Doc ref: 31967/96 • ECHR ID: 001-3891

Document date: September 11, 1997

Cited paragraphs only



                     AS TO THE ADMISSIBILITY OF

                      Application No. 31967/96

                      by Klaus, Winfried and Doris HAGEN

                      against Germany

     The European Commission of Human Rights (First Chamber) sitting

in private on 11 September 1997, the following members being present:

           Mrs. J. LIDDY, President

           MM.  M.P. PELLONPÄÄ

                E. BUSUTTIL

                A. WEITZEL

                C.L. ROZAKIS

                L. LOUCAIDES

                N. BRATZA

                I. BÉKÉS

                G. RESS

                A. PERENIC

                C. BÎRSAN

           Mrs. M. HION

           Mr.  R. NICOLINI

           Mrs. M.F. BUQUICCHIO, Secretary to the Chamber

     Having regard to Article 25 of the Convention for the Protection

of Human Rights and Fundamental Freedoms;

     Having regard to the application introduced on 23 November 1995

by Klaus, Winfried and Doris HAGEN against Germany and registered on

19 June 1996 under file No. 31967/96;

     Having regard to the report provided for in Rule 47 of the Rules

of Procedure of the Commission;

     Having deliberated;

     Decides as follows:

THE FACTS

     The first applicant, born in 1966, is a German national and

resident in Bonn.

     The first applicant brings the present application in his own

name and also on behalf of his parents, the second and third

applicants, a married couple, born in 1945 and 1947, respectively.  The

first applicant is their only son.  The second and third applicants'

whereabouts are unknown.

     In the proceedings before the Commission, they are represented

by Mr. H. Meilicke and partners, a law firm in Bonn.

     The facts of the case, as submitted by the first applicant, may

be summarised as follows.

I.   On 6 October 1993 the second and third applicants, in a document

certified by a notary, conferred a general power of attorney on the

first applicant, including the authority to conclude transactions with

himself as their representative.  This power of attorney was supposed

to remain valid in case of the second and third applicants' death with

effect for their heirs.  The first applicant conferred a similar

general power of attorney upon his parents.

     In July 1994 the second and third applicant disappeared. In

September 1994 criminal proceedings were instituted against the

first applicant on the suspicion of having murdered his parents.

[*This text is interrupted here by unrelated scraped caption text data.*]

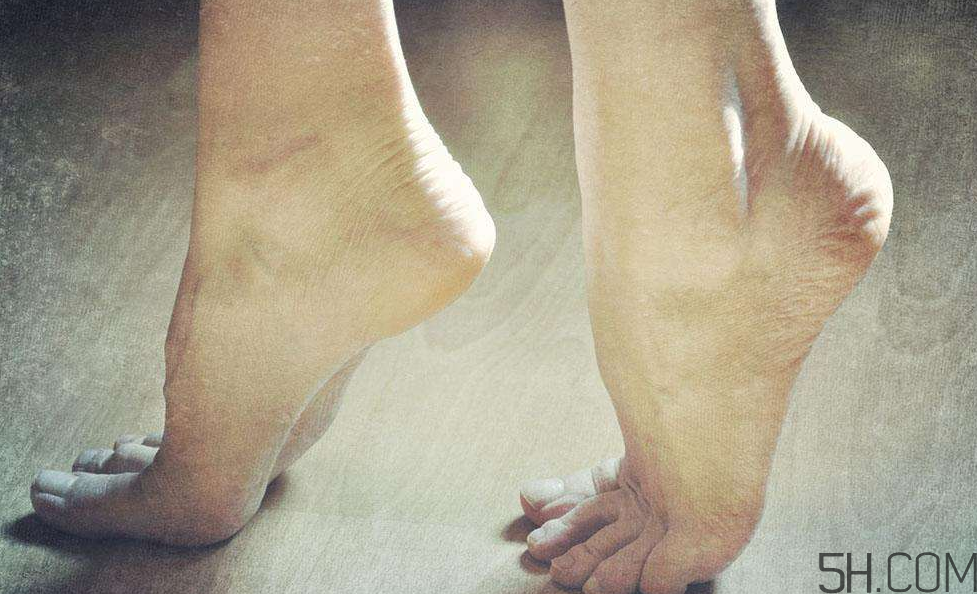 腳氣是什么原因引起的？腳氣是濕氣重引起的嗎?
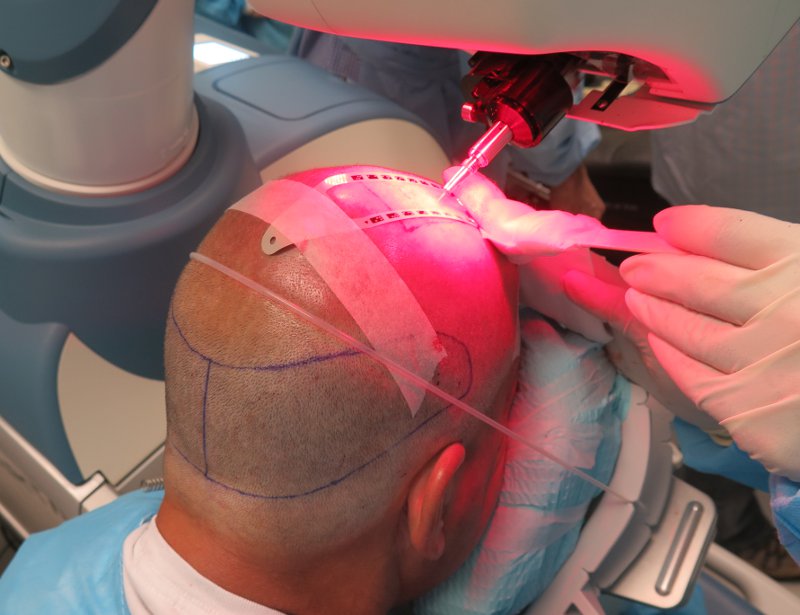 What Benefits Come with Robotic Hair Transplant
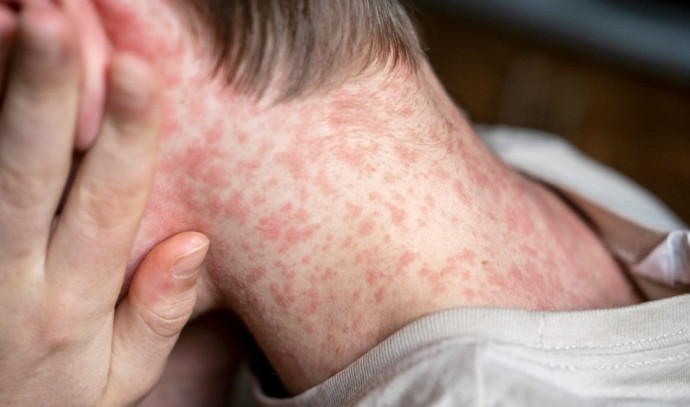 Measles Scare in Israel: Cases Surge Past 60, Health Officials Urge Vaccination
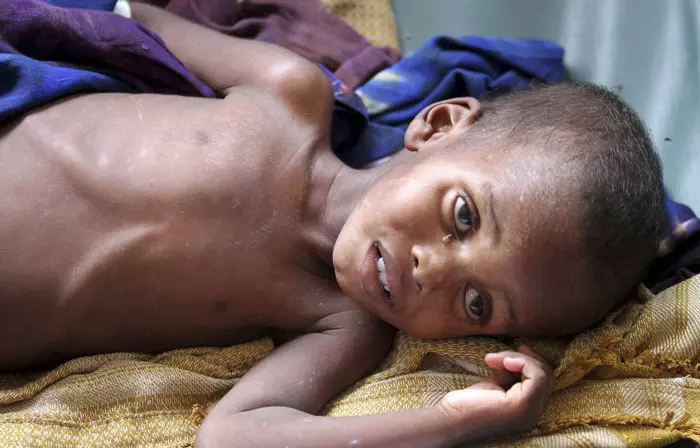 "כל יום שהסיוע מתעכב - עניין של חיים ומוות". ילד הסובל מתת תזונה, אתמול בבית חולים בבירה מוגדישו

II.  On 15 November 1994 the Bonn District Court (Amtsgericht), upon

the suggestion made by two sisters of the second applicant, ordered a

curatorship (Abwesenheitspflegschaft) in respect of the second

applicant, pursuant to S. 1911 of the Civil Code (Bürgerliches

Gesetzbuch).  The curatorship concerned the representation of the

absent second applicant in all financial matters, in particular the

question whether any powers of attorney should be revoked.  The Court

appointed Mr. W., a lawyer practising in Bonn, as curator.  In its

decision, the Court noted that the Bonn Public Prosecutor's Office,

despite extensive investigations, had yet not been able to establish

the second applicant's whereabouts and that the second and third

applicant had been missing since 13 July 1994.  The Court considered

that the second applicant's absence was sufficiently long to justify

the curatorship.  The Court further observed that while there existed

full powers of attorney conferred upon the first applicant, there was

a necessity for a curatorship as this power possibly might have to be

revoked.

     S. 1911 para. 1 of the Civil Code provides that, in case an adult

is absent and his or her whereabouts are unknown, a curator will be

appointed to administer all matters regarding the absentee's property

if there is a need for such administration.  Such a curator will also

be appointed where the absentee has given orders or a power of attorney

for the administration of his property but new circumstances have

arisen warranting the revocation of the order or power of attorney

concerned.

     In these and the following proceedings, the first applicant was

represented by Mr. Meilicke and partners.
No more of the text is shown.